Written on

A World Cup 2018 primer, with graphs!

Found in [R , world cup , soccer] by @awhstin on

The Premier League just ended and normally this time of year is just spent reading up on transfer news until the league starts again, but not this year! It is a World Cup year which means that as of today the (real) biggest sporting event in the world kicks off. Some of you may know I (sort of) kept up my English Premier League predictions and while I am not doing the same for this World Cup I do have my own picks. I am proudly very German but with the United States not qualifying I find myself wanting to follow who I think plays the most exciting football. My recipe is simple, one part passion, two parts admiration of their game, and one part ‘not Brazil’.


My Picks

Finals: France vs. Germany
Winner: Germany
Who I’ll support: England


I have really enjoyed the news coverage and awesome data visualization centered pieces that have come up for this World Cup. There are a number of really cool sites to follow that offer some great articles to get acquainted with the teams, as well as updates during games. Here are some of my favorites:

Getting started

Following along

Interesting reads

Reading through some of these articles I started to get the sense of how analysts and reporters were comparing the different international squads and started to get some ideas of my own. One reoccuring theme was the comparison of some of the different nations top players, often referring to their performance during their respective club seasons. This is a good indicator of the player’s form and potential but international play is a different thing altogether. A lot of the nations with high value players don’t play together on the same club or even the same league so chemistry can be a problem.

sifting through the numbers

This is when I started to think that looking at the international team’s market value as a whole along with the FIFA ranking would be interesting. This would try to get at a sense of which of those team’s have decent players (market value) and chemistry (FIFA ranking) together.

First off we need some data. First off we can get the FIFA ranking from the FIFA website. Then we will need some market value data, which Transfer Markt provides via their World Cup 2018 page. This data along with using the rvest package we can get the information we need.

library(tidyverse)
library(rvest)
library(awtools) #optional: just for the graph aesthetics
#devtools::install_github('awhstin/awtools')

Once we have those loaded we can gather the data from the two sites and combine to get what we are interested in.

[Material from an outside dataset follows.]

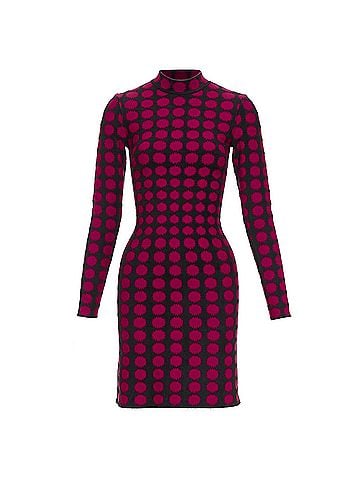 Alaïa ALAIA red black viscose graphic polka dot illusion bodycon dress FR36 S (view 1)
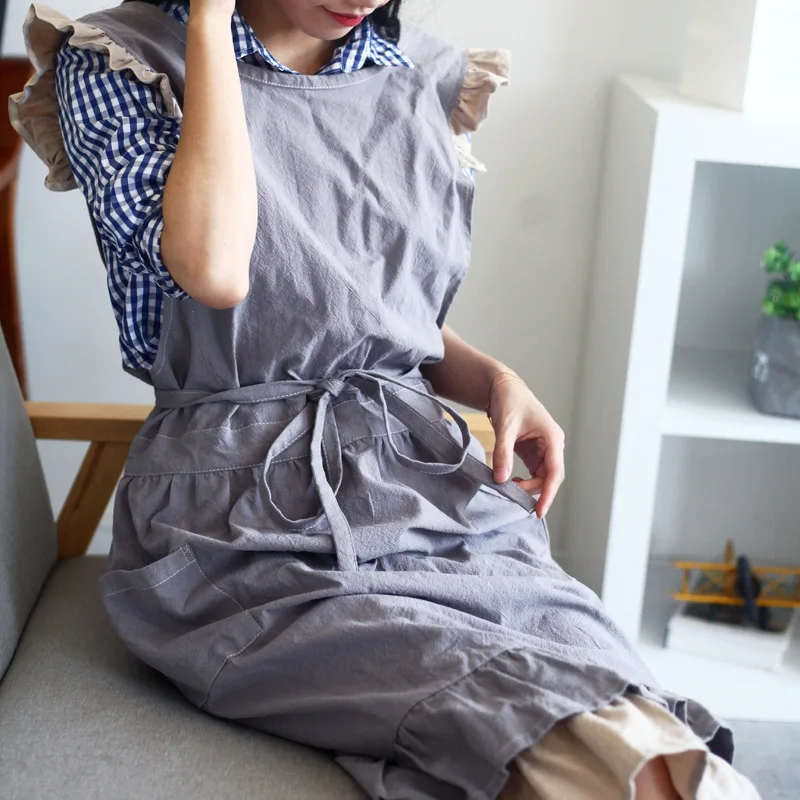 レトロなツートーンのフリル付き田舎風コットンとリネンのエプロン、女性用かわいいガーデニング作業服 H1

If you want a very nice primer on working with the rvest package check out this tutorial over on the RStudio blog. All we need now is the CSS selector for the tables we need and then can import the data.

world.rank <-read_html('https://www.fifa.com/fifa-world-ranking/ranking-table/men/index.html') %>%
  html_nodes('.table') %>%
  html_table() %>%
  data.frame(.[1]) %>%
  mutate(Confederation = Var.20.1) %>%
  select(c(2,3,41)) %>%
  mutate(Team = case_when(Team == 'IR Iran' ~ 'Iran',
                          Team == 'Korea Republic' ~ 'South Korea',
                          TRUE ~ Team))

squads <-read_html('https://www.transfermarkt.com/world-cup-2018/teilnehmer/pokalwettbewerb/WM18') %>%
  html_nodes('#yw1 > table:nth-child(2)') %>%
  html_table(fill=TRUE) %>%
  data.frame(.[1]) %>%
  select(c(2, 4, 6, 7)) %>%
  transmute(
    Team = Club,
    Age = as.numeric(gsub(',', '.', Squad)),
    Percent.Abroad = unlist(lapply(strsplit(gsub(',', '.', WC.particip.), ' '), '[', 1)),
    Market.Value = parse_number(gsub(',', '.', Abroad))
  ) %>%
  mutate(Market.Value = as.numeric(ifelse(Team %in% c('France','Spain'), Market.Value*1000000000, Market.Value*1000000)),
         Percent.Abroad = as.numeric(Percent.Abroad))

#join data
squad.rank <- inner_join(squads, world.rank)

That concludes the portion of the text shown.